Thursday, June 14, 2012

A Coffee Love Story

          I was raised to believe that drinking coffee was a sin.  No one in my family touched the black liquid; to bring coffee into my home would have been sufficient to spark a small war.  Having never been exposed to coffee, the very smell was enough to make me feel queasy.  Even after leaving the church, I stayed away from drinking coffee.  Sometimes, when I was cramming for exams and needed the caffeine, I would drink large cups of badly brewed coffee, which was sufficient to convince me that coffee wasn’t anything to get excited about.  If I needed the caffeine, I stuck with my standard Diet Coke.  
          And then I met a boy.  I was at a party when I struck up a conversation with a grad student in engineering.  He was funny and smart and we talked for hours as the party slowly died down around us.  He gave me his number and I resolved to call him again.  Which I did.  I called him, we talked, and we decided to meet for a coffee.  He picked me up after work and took me to his favorite coffee-shop.  
          This was not just any coffee shop.  This was a special coffee shop, with some of the highest standards in the industry.  The beans are ethically sourced and roasted locally by a master with years of experience.  The coffee is then prepared by baristas that have gone through months of rigorous training in order to pull a single shot.  The result is an espresso that is rich and earthy, with a beautiful caramel crema. 
          We talked for hours as I savored my coffee.  My horizons opened up, both by this new realization of the art of coffee as well as my conversation with a man who was raised by a single mother in India.  He told me about the trials of growing up in a highly orthodox Brahmin family while I told him about the trials of growing up in a highly conservative Mormon family.  We discovered a commonality in our experience that transcended cultural barriers.  Here was another person who had challenged his up-bringing and in so doing, had become more open-minded, more tolerant, more aware of humanity in all its glorious diversity.  I sensed I was on the verge of something spectacular.  

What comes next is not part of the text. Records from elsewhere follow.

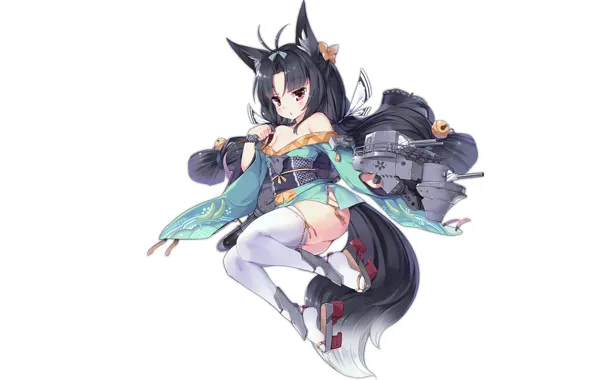 Girl, sexy, cleavage, thighhighs, long hair, dress, boobs, anime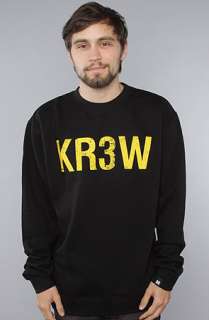 KR3W The Seed Crewneck Sweatshirt in Black  Karmaloop   Global 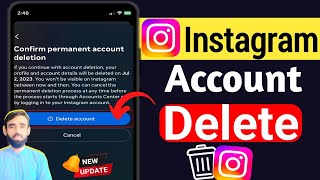 Instagram Account Delete Kaise Kare Permanently  How To Delete Instagram Account Md technical [upl. by Notsirhc810]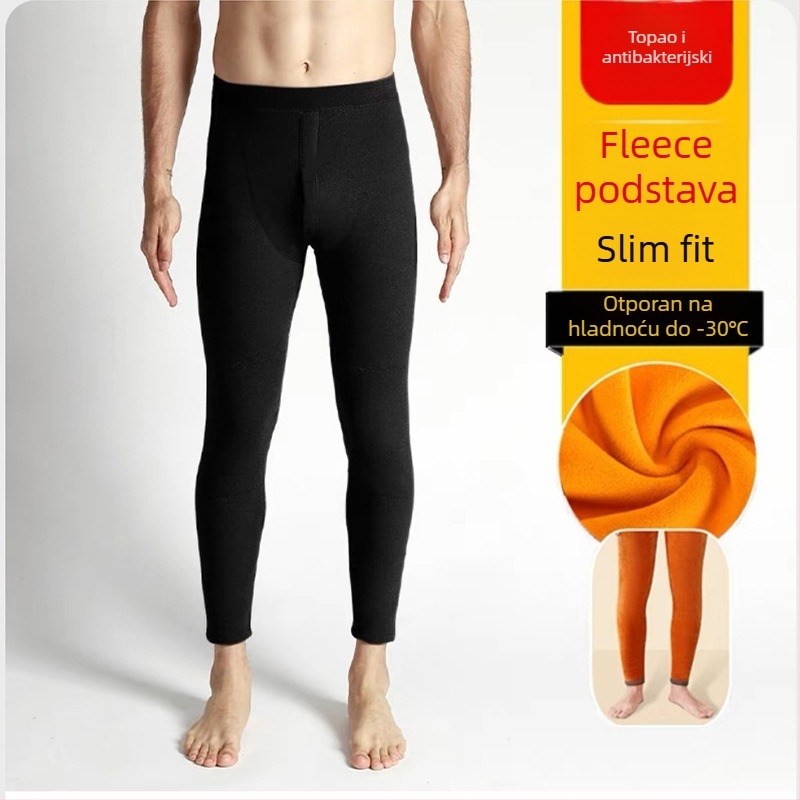 Muške zadebljane tople hlače Muške hlače s flis podstavom od zadebljane pamučne vune Thunderpants Jesenske hlače Muške hlače za veće veličine s podstavom donjeg dijela Zimske hlače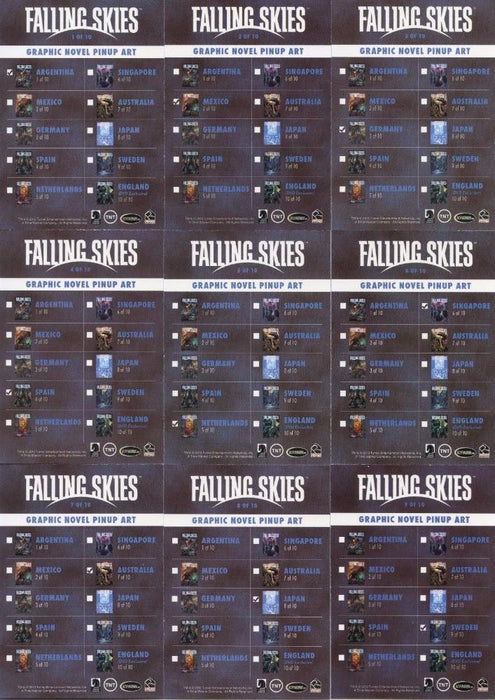 Falling Skies Season 2 Premium Pack International Pinup Chase Card Set 9 Cards   - TvMovieCards.com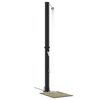 vidaXL Outdoor Solar Shower Black 217 cm PVC and aluminium
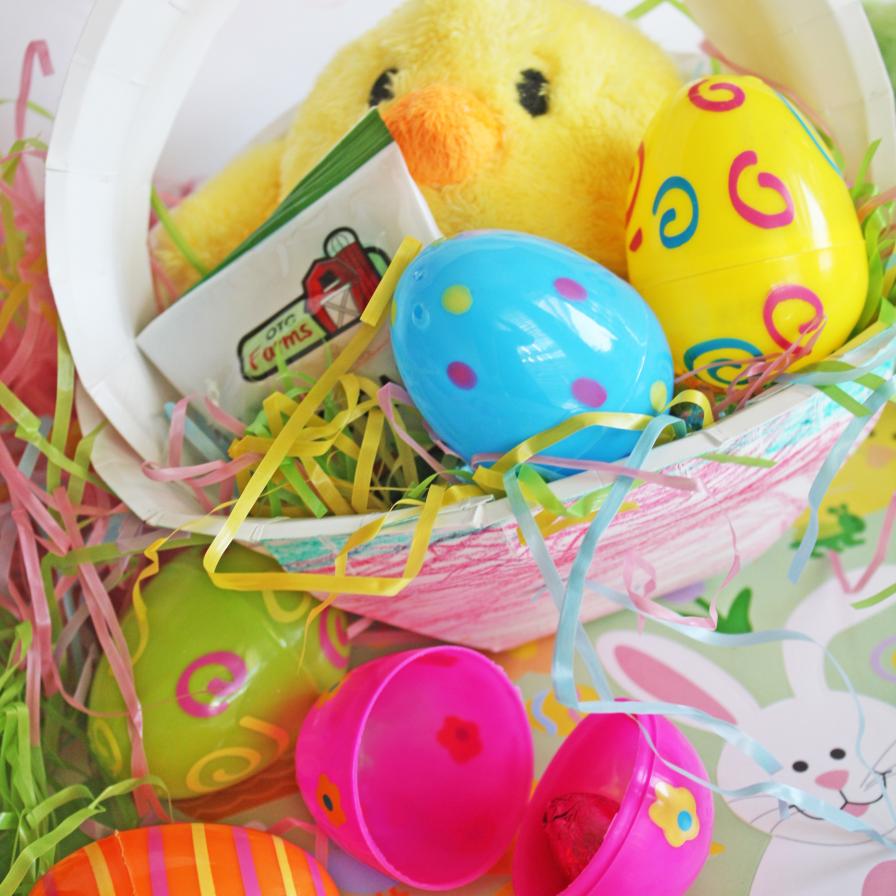 Toddler Time! Paper Plate Easter Baskets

          Six years later and I find myself married to the same man that introduced me to good coffee.  There have been challenges of the sort that are inherent when two stubborn, strong-willed people from two very different cultures choose to get married.  But in-between these struggles have been a lot of good times.  We have shared a lot of laughter and had a lot of conversations that have challenged my view of the world around me.  I have a partner that makes me laugh, that reminds me to stop taking life so seriously, whose smile lights up the room.  More than that, I have a partner who understands the trials of walking a different path in life.